Markus Gabriel (Ontologia) – Formas de Conhecimento

Ontology is the systematic investigation into the meaning of ‘existence’ and related matters. Epistemology is the systematic investigation into the meaning of ‘knowledge’ and related matters, such as assertion, thought, belief, justification, reference, rationality and many other concepts. So far I have defended a new realist ontology that is in line with the recent return to speculative thought in that it assumes that there has to be unproblematic access to the meaning of ‘existence’ that is not distorted by our very attempt to make it explicit and defend it coherently against objections. This means that I have claimed knowledge; in particular, I have claimed to know various things, such as that the world does not exist, that there is a plurality of fields of sense, that to exist is to appear in a field of sense, and so on. The recent return to speculative thought so far has not focused on what it means to claim speculative knowledge in philosophy. In this and the following chapter I will give an account of knowledge that corresponds to ontological pluralism. I shall defend epistemological pluralism, by which I mean the view that there are different forms of knowledge, such as sociological knowledge, mathematical knowledge, sensory and epistemological knowledge. These forms of knowledge differ not just by being about different kinds of objects or different fields of sense, for that matter. They are individuated by more specific conditions, such as the condition that we cannot know anything by hearing it without using the sense or combination of senses needed for hearing that something is the case. This condition does not hold for the knowledge just articulated, as it does not claim to know by hearing it that we can only know something by hearing it under specific conditions. Across the cases I am interested in, ‘knowledge’ refers to propositional or factual knowledge, that is, to knowledge that something is true about something. I will [319] not discuss the question whether there are non-, pre-, or sub-propositional forms of knowledge, such as practical know-how, or knowledge by acquaintance. Accepting a version of this would be a different form of pluralism about forms of knowledge — one I am not discussing here.

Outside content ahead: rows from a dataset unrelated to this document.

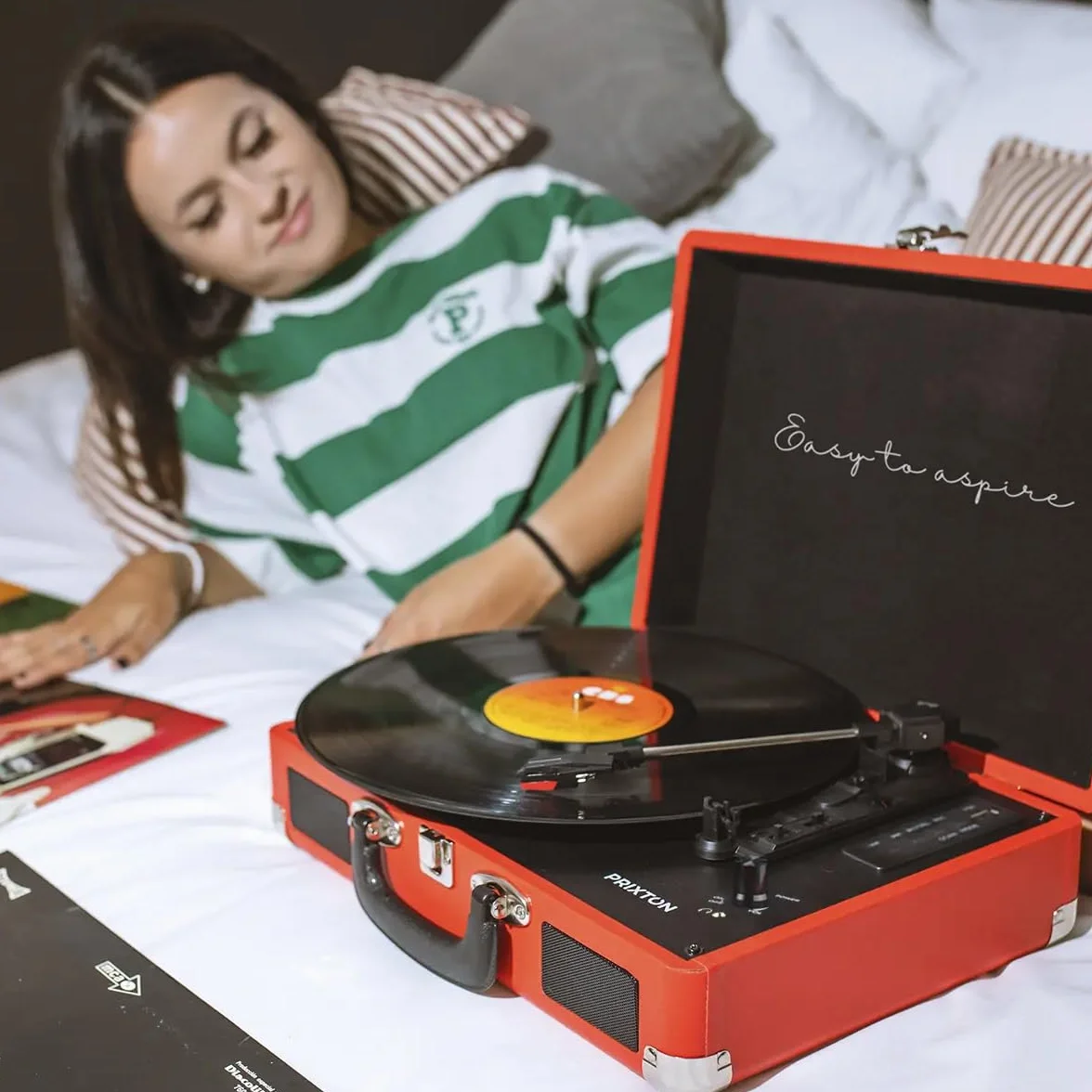 PRIXTON Giradischi in Vinile Vintage VC400 Lettore Bluetooth USB 2 Altoparlanti Rosso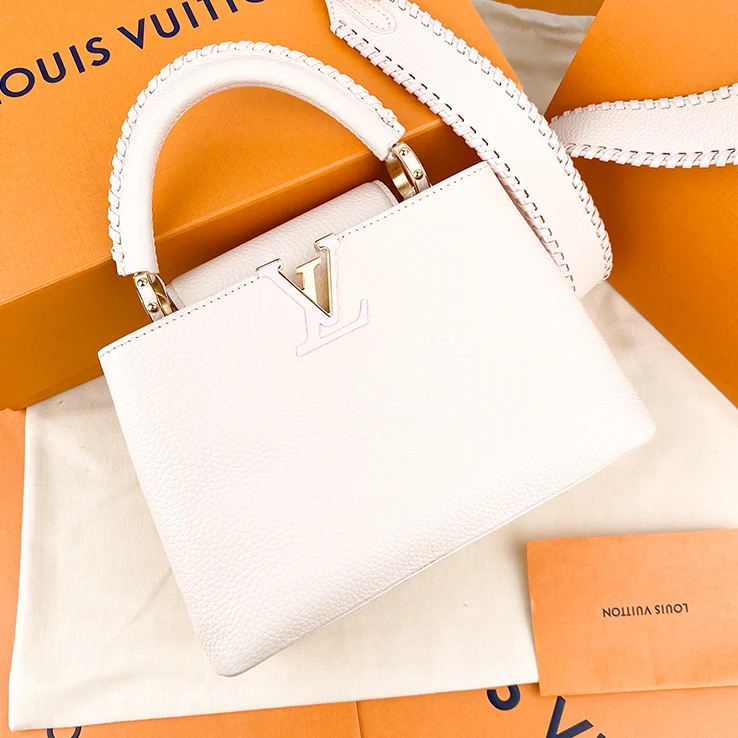 全新未使用 LouisVuitton/路易威登 芯片粉金编织肩带手柄CAP BB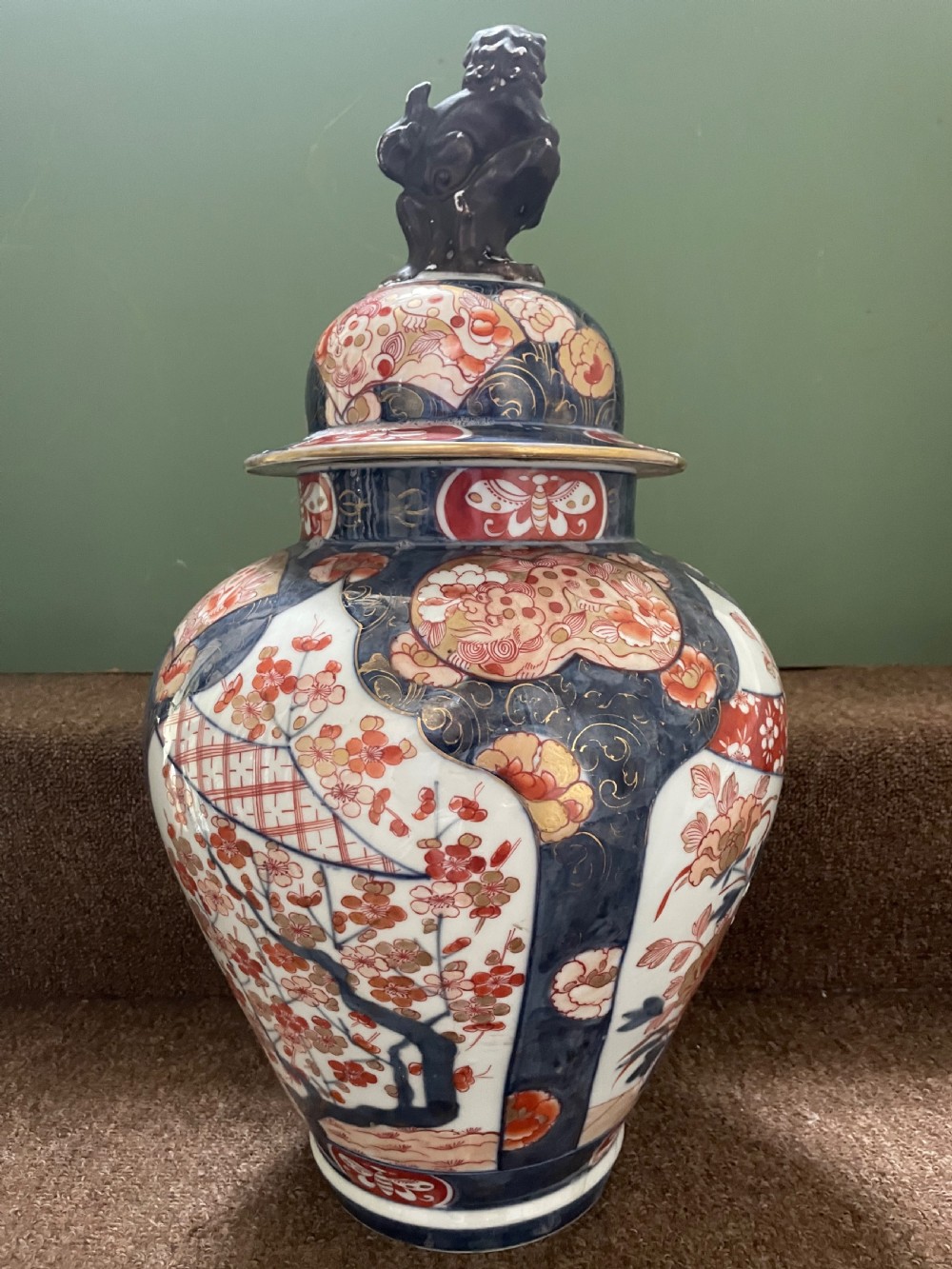 Pair of late C19th ‘Japanese Imari’  style early C18th design porcelain vases by Samson of Paris . View XVI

In epistemology we claim knowledge about knowledge. This has lead many epistemologists to assume that there has to be unified treatment of all instances of ‘knowledge’ and relevant cognates at least with respect to propositional factual knowledge.1 In this context, phrases such as ‘our knowledge of the world’, or just ‘knowledge of the world’, are widespread and are used to characterise knowledge as such, knowledge in general. The background picture is one in which there is the world in the sense of the totality of facts to which we try to refer in such a way that we can successfully claim knowledge in general, ranging from knowledge about penguins to knowledge about up-quarks or knowledge about ancient Chinese warfare. However, Stanley Cavell, Michael Williams and to some extent Bernard Williams have rightly pointed out that the idea of knowledge as such might be overgeneralised. Cavell and Michael Williams, in particular, have begun to question the idea that epistemology is about the relation between the world as such and knowledge as such. However, despite the correct observation that we should not look ‘at the world as though it were another object’, Cavell continues referring to ‘reality’ or ‘the world’, only adding that we have to assume ‘a relation to reality which is not that of knowing’. He calls this the ‘truth of skepticism’ and reads Heidegger and Wittgenstein as having responded to this truth by undermining the idea of a general relationship between knowledge and the world. I take it that Michael Williams’ assault against ‘epistemological realism’ has a similar upshot: if ‘knowledge’ is not itself a unified natural kind about which we can come to know certain facts in epistemology, we might have space for manoeuvres that undermine scepticism in the schematic general form of the claim that we cannot know anything about the world precisely because the conditions of said knowledge somehow cannot be satisfied for whatever reasons the sceptic might have on offer.